400: Poderá o epicentro da desunião unir Portugal?

 

– As múmias, quando saem dos sarcófagos, levantam poeira do passado em que sempre viveram. Quer em vida, quer em estado mumificado.

🇵🇹 OPINIÃO

Se há características que devem ser reconhecidas em Cavaco Silva são a sua persistência e determinação. O grande líder do PPD/PSD escreveu hoje mais um artigo de opinião.

Desta feita tenta convencer os portugueses de que as contas certas são irrelevantes, mesmo que ainda recentemente as agências internacionais tenham provado o contrário. Para Cavaco, as contas certas são uma “armadilha que o Governo socialista montou para (…) desviar a atenção (…) dos graves problemas do país”.

Não vale a pena tecer aqui comentários anti tecnocratas. Em bom rigor, a tecnocracia caiu em desuso há décadas. Quando regressou mais tarde à esfera política, fê-lo pela mão dos políticos mas apenas para contar com o apoio essencial dos técnicos enquanto meio auxiliar na decisão política.

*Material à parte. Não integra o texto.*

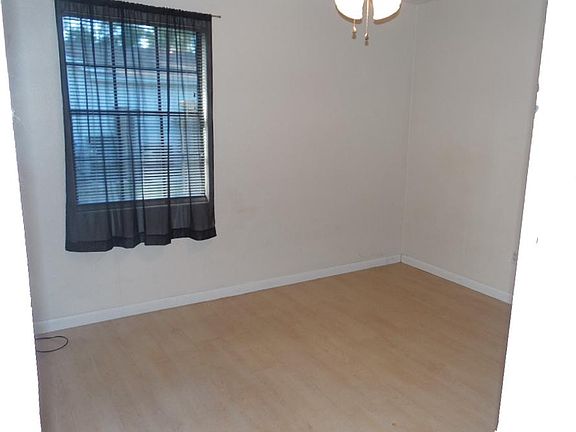 4th image of 1409 S Warren Ave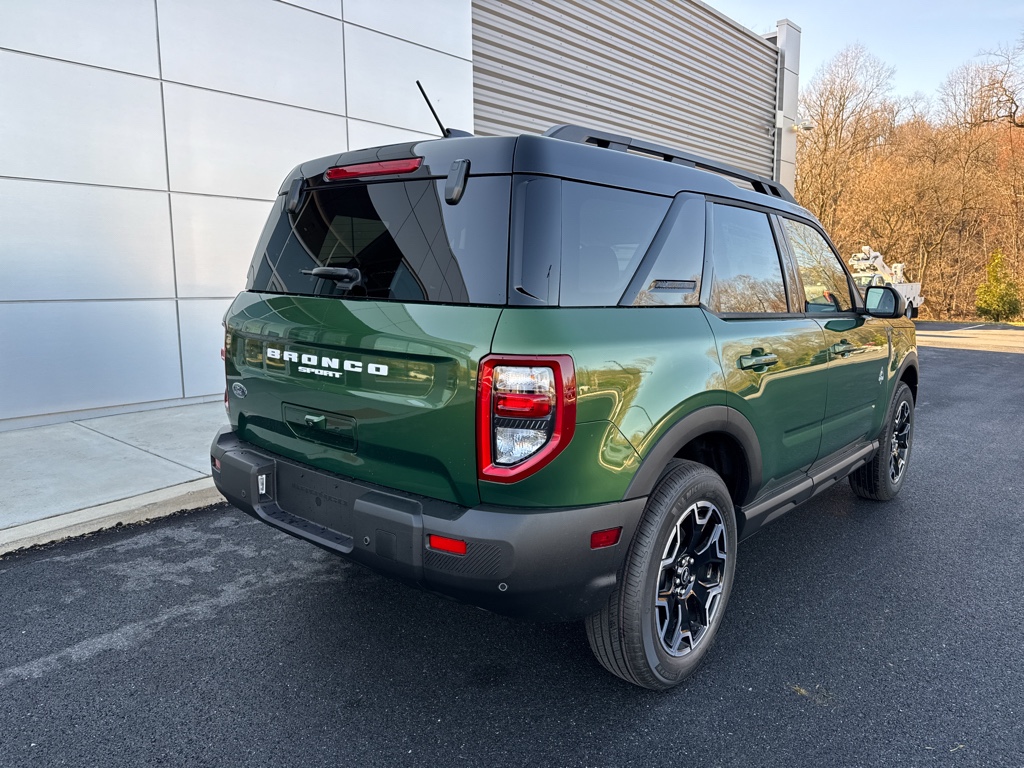 New 2025 Eruption Green Metallic Ford Outer Banks image 18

Voltando ao artigo de opinião do conceituado professor de economia, destaque-se a sua sugestão de implementação do orçamento base zero. A primeira questão é esta: será que o futuro Secretário-geral do PS estará nessa disposição?

Sim, do PS, porque se Cavaco entendesse que Luís Montenegro poderia vencer as eleições já Montenegro teria anunciado essa medida (como o bom aluno que tem sido). Portanto, até agora e em matéria de propostas apresentadas pelo PSD, incluindo no congresso do partido, o resultado é sofrível.

Já que se mencionou o Congresso do PSD, cujo lema foi UNIR PORTUGAL, a pouco mais se assistiu do que um saudosista regresso ao passado. UNIR PORTUGAL através de um abraço pomposo aos líderes de há 30 anos, Cavaco Silva e Manuela Ferreira Leite. Então e os novos líderes? E o futuro?

Como pretende o PSD de Montenegro unir Portugal se não consegue unir o próprio partido? Onde estiveram os ex-primeiros-ministros Durão Barroso, Santana Lopes e Passos Coelho?

E as figuras que não chegaram a exercer o poder, como Fernando Nogueira, Marques Mendes, Luis Filipe Menezes ou Rui Rio? Como pode algum partido ambicionar unir seja o que for quando abafa 30 anos de história política?

Presentemente, o denominador comum no PSD é responsabilizar os outros pelo crescimento da extrema direita quando o próprio partido não consegue unir ou arrumar a casa.

É no mínimo estranho e preocupante ouvir alguém a falar de futuro, de união ou de alternativa, quando se rodeia apenas do passado e apaga a sua própria história.

Diz o ditado popular: “Diz-me com quem andas, dir-te-ei quem és”. Neste caso, basta ver com quem não anda Luís Montenegro para saber quem é, o que pode oferecer ao país e que não é desta que o PSD poderá ser uma alternativa ao PS.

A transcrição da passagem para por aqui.